En mi último cumpleaños, un amigo del que me estoy planteando seriamente el origen de nuestra incierta relación, tuvo el pésimo gusto de obsequiarme con unos ejemplares, unos capítulos de BONE STREET RUMBA. Esta triste muestra de falta de imaginación, de absoluta carencia de recursos, de casposa prosa de fácil venta y difícil digestión, tiene como autor a Daniel José Older, quien al parecer está entre los autores más vendidos según el New York Times. Personalmente, lo que opine este diario me preocupa muy poco, pero me sorprendía como algo tan insípido, podía acaparar tanto recibimiento. Solo hay que “rascar” un poquito, para ver que es una muestra más del buenismo imperante en nuestra estabulada sociedad. Si quieres prosperar, súmate al discurso dominante, propaga sus dogmas y el éxito acompaña, o lo que entendemos por éxito en esta cultura tan cortoplacista.

Al parecer el gran triunfo de este buen señor obedece a su publicitada solicitud, en el año 2014, para que la figurita del World Fantasy Award, uno de los premios más importantes de literatura fantástica, suprimiera la estampa de Lovecraft –autor esencial del género y de mérito universalmente reconocido– y en su lugar se pusiera la de Octavia Butler, que era mujer y de color. Por supuesto, su excluyente propuesta fue aceptada. En una sociedad como la nuestra, de consumo, opulenta para pocos, cuyo dios es el mercado, la imagen reemplazó al concepto: se dejó de leer para mirar, aun cuando rara vez se ve. Por eso Lovecraft, maestro indiscutible del horror cósmico, y fallecido hace 82 años, todavía sufre la persecución, castradora, niveladora e igualitaria de la globalización.

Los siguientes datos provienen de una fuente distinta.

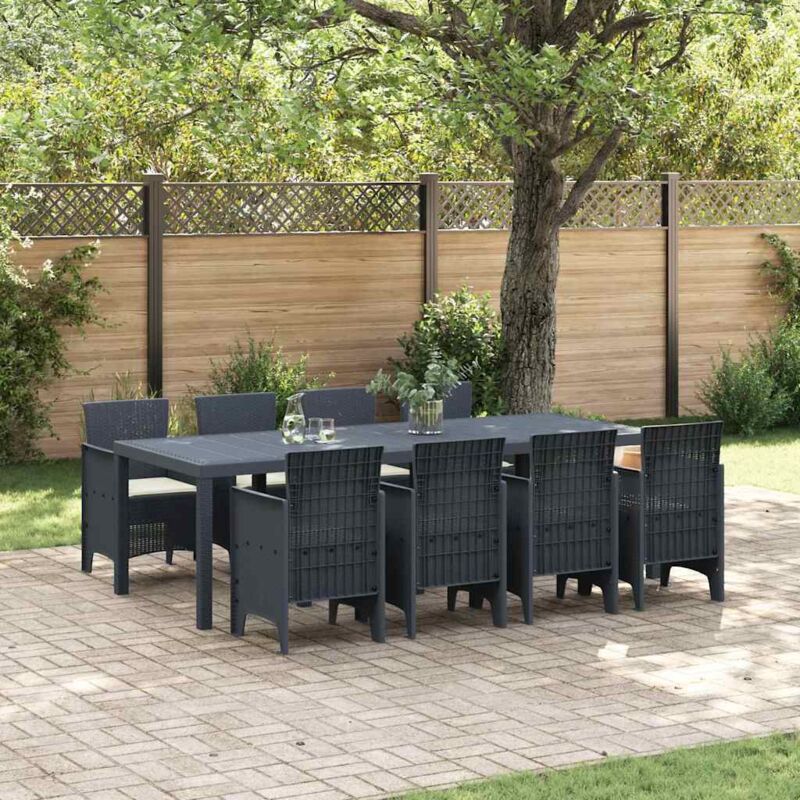 Vidaxl – Ensemble table et chaises de jardin 9 pcs – Rattan polt anthracite – Capacité 10 personnes – Configuration rectangulaire pour repas en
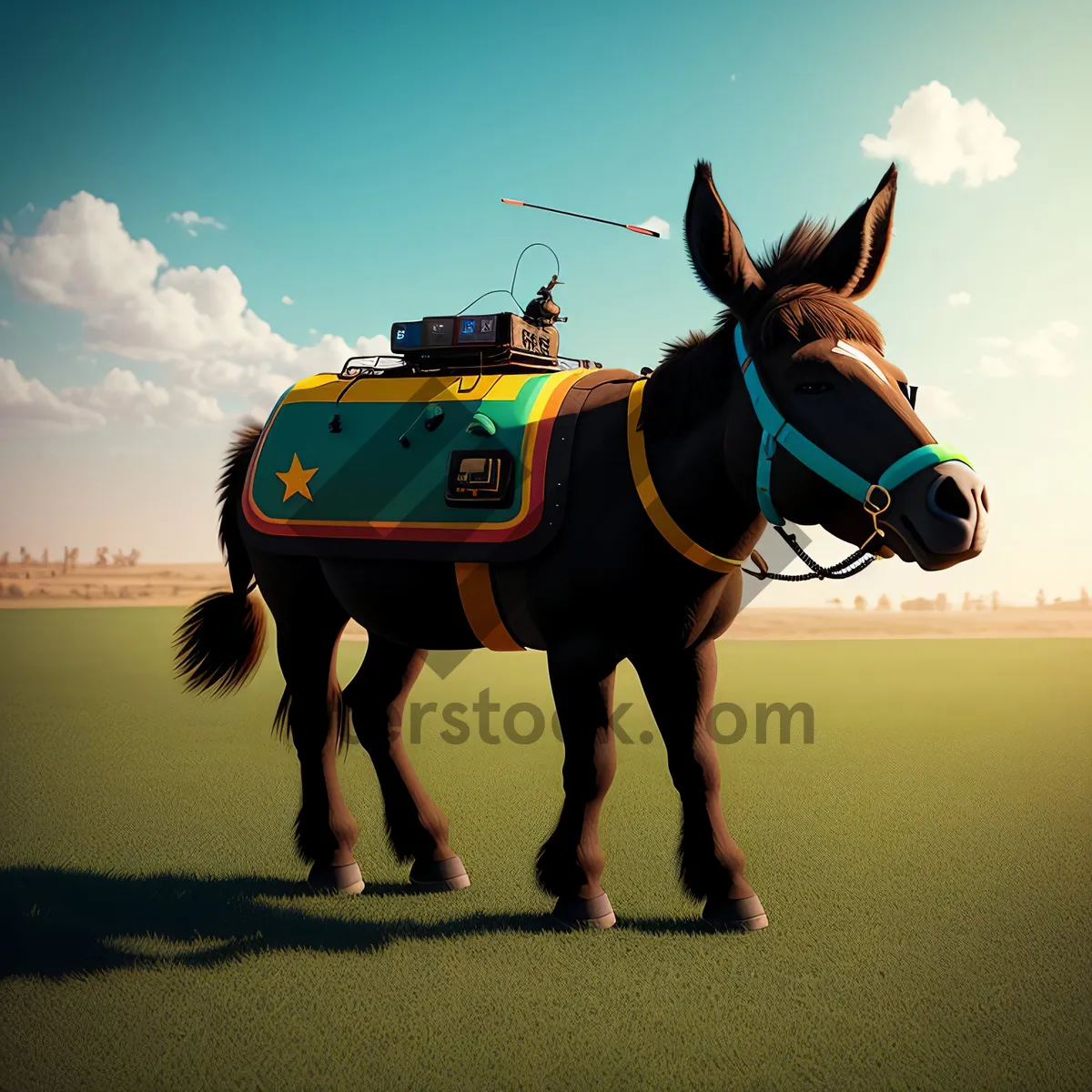 Picture of Brown Stallion Galloping in Grass Field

Los lectores de Lovecraft vibramos con sus inquietantes obras que reflejan un miedo metafísico que está latente en nuestros corazones, una reserva primordial hacia lo desconocido, a la negrura que se extiende y todo lo atrapa, en la que el ser humano no es más que una ínfima molécula en un universo carente de sentido, donde flotamos a la deriva tratando de sobrevivir. En su correspondencia, queda claramente manifiesto que Lovecraft apostó por el honor, porque somos lo que hacemos. Porque en la gravedad de los acontecimientos se desenmascaran las mediocridades, las imitaciones y la grotesca impostura que acostumbra a ser la representación de tantas vidas a medias, de felicidad descafeinada y de pánico a la propia exposición. El honor y amor por la tradición obligaron a Lovecraft a vivir lejos, a respirar distante de la mediocridad, y por ende de una vida desahogada.

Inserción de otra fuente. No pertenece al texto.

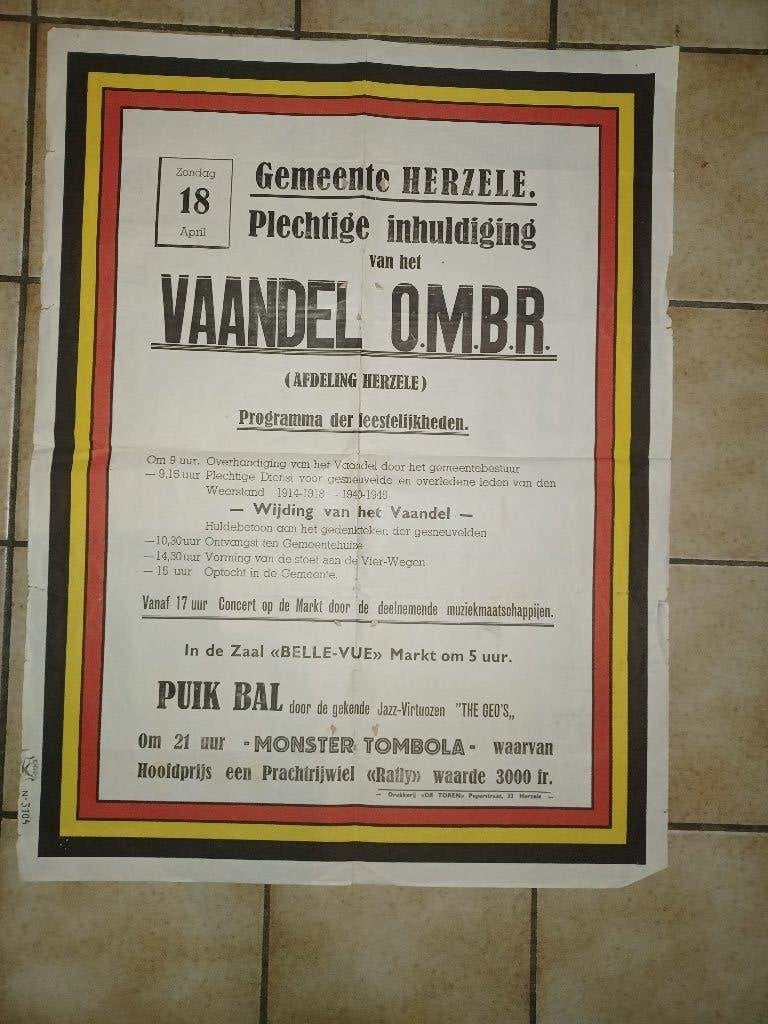 wo2 weerstand affiche herzele vaandel OMBR, Verzamelen, Militaria | Tweede Wereldoorlog, Ophalen of Verzenden, Overige soorten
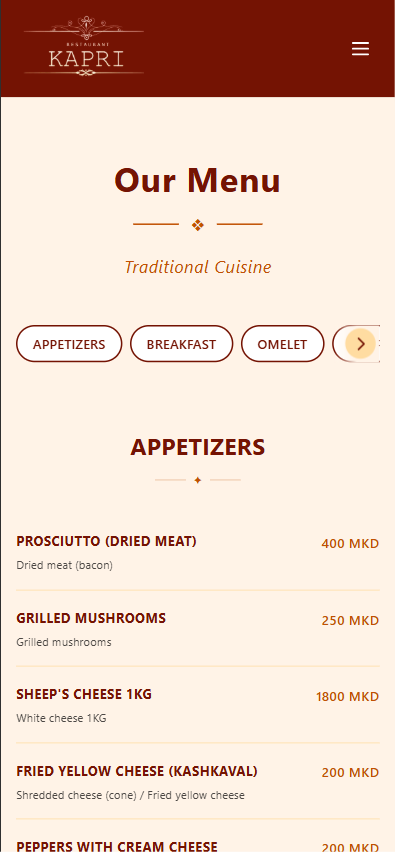 Kapri digital menu on mobile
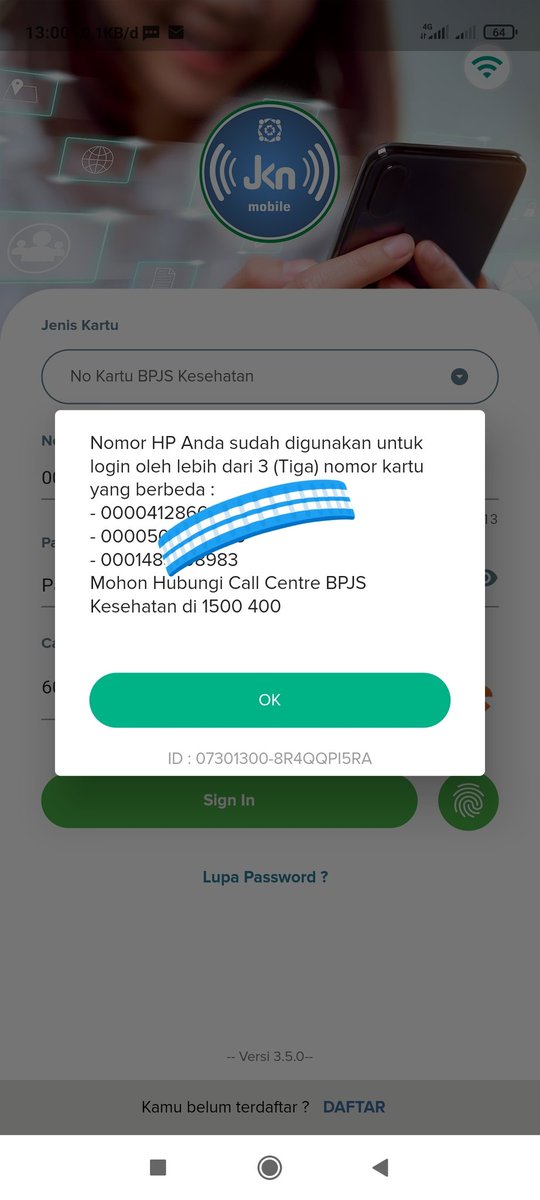 HendraSSumpena's tweet photo. @BPJSKesehatanRI 
Sudah ganti nomer beberapa kali tetep aja begini bagaimana min?
- upgrade Aplikasi JKN ✅
- password lebih dari 6 karakter + kombinasi huruf besar &amp; kecil ✅ https://t.co/VFx8MvUxAE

Lovecraft eligió el culto a la diferencia que no emerge del capricho ni del emotivismo, porque aposto por la libertad, sin ambages y sin malabarismos intelectuales ni autocomplacientes, porque respondía solo ante sí mismo. La Tradición no tiene ningún sentido en el cosmos, pero lo significa todo en nuestro medio, en la vida práctica, porque no tenemos nada más que nos proteja del devastador sentimiento de “estar perdidos” en el tiempo y el espacio sin fin. Por esto, sin duda, Lovecraft es un escritor actual, más allá de su maestría clásica en el cuento de horror cósmico. Por eso también es políticamente incorrecto y víctima de estúpidas y sectarias persecuciones.

Tiempos oscuros para la libertad de expresión… ¿solo de expresión? El “buenismo” liberador es incansable, en su apabullante esfuerzo de hacernos a todos iguales. Nuestra Real Academia define al buenismo como una “actitud de quien ante los conflictos rebaja su gravedad, cede con benevolencia o actúa con excesiva tolerancia”. Resulta hasta bonito así expresado, pero solo resulta verosímil si los conflictos los provocan los ideológicamente afines. Por ejemplo, en la actualidad y en nuestro país: el separatismo catalán, los subvencionados voceros de las políticas de género, o algún colectivo al que ellos privilegian y subvencionan. En caso de que sea doctrinalmente opuesto, entonces las reacciones son viscerales, como resulta inevitable en gente que ahoga tanta agresividad con un diluvio de lágrimas falsas.

Desde hace décadas no se puede hacer política sin llorar, sin abrazar a todo maromo, sin posar junto a refugiados, marginales de toda índole o sin adular a minorías a cada cual más diminuta, tanto reales como ideadas por los medios. Aquel político que no transmite la melosa empatía de un Zapatero no llega a la “gente”, importando poco lo que diga, basta con el buen rollito, con el talante. Pocas veces se ha perseguido más la libertad de expresión que bajo el dominio de estos tiranos del progreso, que nos pretenden a todos igual de felices, siempre subordinados a sus dogmas, en la anónima quietud del pesebre.

La modernidad vende el determinismo histórico mientras que la tradición mantiene que la voluntad permite a los hombres controlar y diseñar su destino. Porque existe un destino, aunque no tengamos claro si existe capacidad para el cambio. En cuanto a su visión del hombre, son opciones radicalmente antagónicas. Para un progresista, el hombre está determinado por su medio y su educación, mientras que para un seguidor de la tradición un hombre es un ser único y autónomo. Utilizando ahora la terminología convencional, la derecha piensa, así, que los grandes hombres están en disposición de escribir la historia, mientras que la izquierda estima que la historia solo puede resultar de los movimientos de la sociedad. Además, la izquierda considera que la humanidad marcha hacia un progreso lineal y progresivamente mejorable, mientras que la derecha, por el contrario, sabe perfectamente que todas las civilizaciones conocen períodos de declive y decadencia.  Por último, los movimientos de izquierda son internacionalistas e, incluso, en determinados periodos históricos en los que ha llegado a sostener el hecho nacional, siempre lo ha hecho en nombre de valores pretendidamente universales. La derecha, por su parte, pone por delante las nociones opuestas de arraigo, herencia, comunidad y tradición.

Como siempre, todo lo expuesto es un arrebato furioso, aunque pudiera estar justificado, frente al imparable avance de la globalización. Olvidados los dioses, llegan los tiempos del hombre y sus costumbres. A quien realmente poco le afecta todo esto es al inmortal Lovecraft…, fue enterrado tres días después de su fallecimiento, el 15 de Marzo de 1937, en el panteón de su abuelo Phillips en el cementerio de Swan Point; aunque figuran sus datos en la columna principal, ninguna lápida señala su tumba. Décadas después de su muerte, un grupo de amantes de su obra, le erigieron una lápida donde puede leerse una frase transcrita de una de las miles de cartas que remitió a sus corresponsales: «Yo soy Providence».